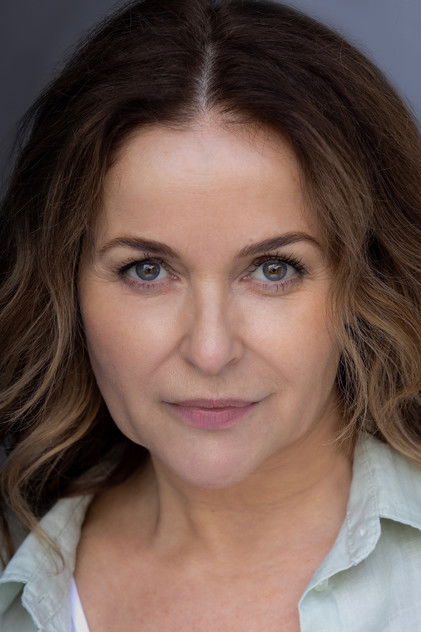 Julia Sawalha oyuncu görseli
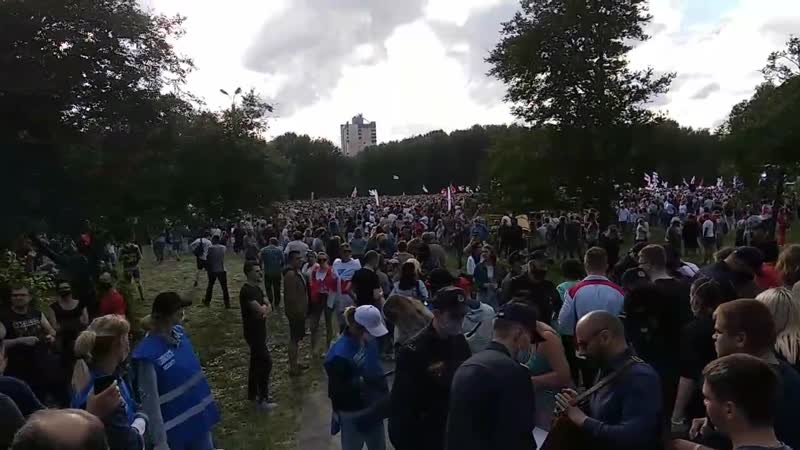 Мора людзей на мітынгу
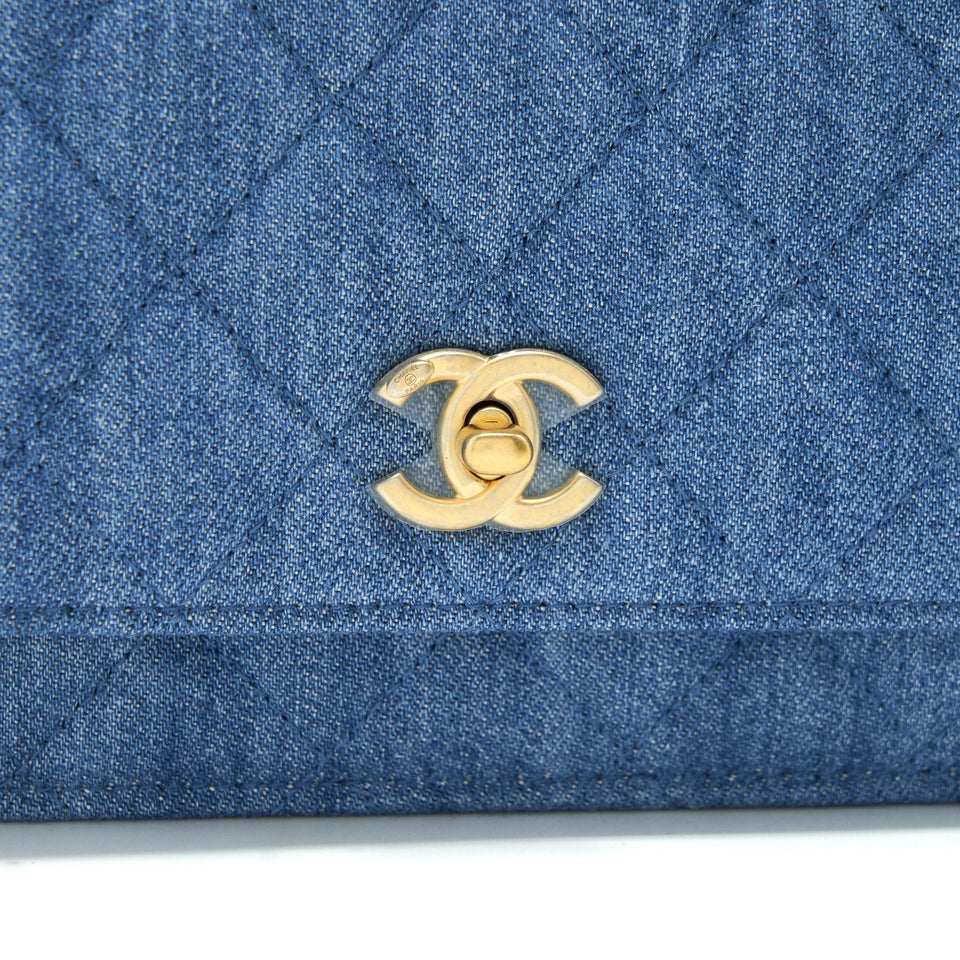Chanel 22C Pearl Crush  Wallet On Chain Denim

| WHAT THE TASK REQUIRES |
Give back the whole listing exactly as it stands. Drop every picture.

| OUTPUT FOR THIS TASK |
 Julia Sawalha oyuncu görseli
 Мора людзей на мітынгу
Chanel 22C Pearl Crush  Wallet On Chain Denim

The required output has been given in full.